Even Al Gore would be jealous.

The G20 Summit is coming to Toronto. The cost for the event is nearing the billion mark. There’s also a growing concern about safety.

But if Stevie Y were coordinating the Summit, he’d find a way to appease everyone.

World leaders would feel safe, and protesters would be able to freely voice their opinions without the urge to cause damage.

And there wouldn’t be a need for tear gas and rubber bullets, residents in “the secure zone” could move around without having to constantly produce ID, businesses in the restricted zone could open, the Art Gallery of Ontario wouldn’t have to close its doors for the Summit, the fake lake would never exist, and the Toronto Blue Jays wouldn’t have to play three “home” games in Philadelphia.
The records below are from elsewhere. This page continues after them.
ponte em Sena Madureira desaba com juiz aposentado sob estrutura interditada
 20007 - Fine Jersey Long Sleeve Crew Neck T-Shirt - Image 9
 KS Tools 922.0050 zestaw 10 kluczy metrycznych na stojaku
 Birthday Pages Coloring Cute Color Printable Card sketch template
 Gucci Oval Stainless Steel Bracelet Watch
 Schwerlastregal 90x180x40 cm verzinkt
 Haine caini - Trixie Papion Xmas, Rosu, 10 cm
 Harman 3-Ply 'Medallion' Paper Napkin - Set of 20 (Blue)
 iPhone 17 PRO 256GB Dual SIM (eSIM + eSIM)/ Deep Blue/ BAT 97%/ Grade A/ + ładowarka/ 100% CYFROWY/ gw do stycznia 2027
The Gosselins, the Gores, the Kings, Salé and Pelletier... All these marriages could have survived if Stevie Y played marriage counselor.

A sit-down with number 19 leads to reconciliation and a re-discovery of love.

The Chicago Cubs haven’t won the World Series since 1908.

Make Stevie Y the president and GM and suddenly, the Cubbies are racking up World Series titles quicker than a Greg Maddux fastball.

Steve Yzerman could cut down emergency wait-room times.

North Korea + South Korea + Steve Yzerman = Peace

Iraq? Afghanistan? Steve Yzerman? The war would be over and our troops would be coming home.

Stevie Y could not only put a person on Mars, he would also have arena built there just in time for the 2010-2011 NHL season. Who’s ready for the Mars Coyotes?

Yes, Steve Yzerman could probably solve any problem. But right now, his focus is on the Lightning.

And despite having Vincent Lecavalier, Martin St. Louis and Steve Stamkos, there’s still plenty of work to be done.

Fixing the Bolts will be a tough task. But hey, this is Stevie Y we’re talking about.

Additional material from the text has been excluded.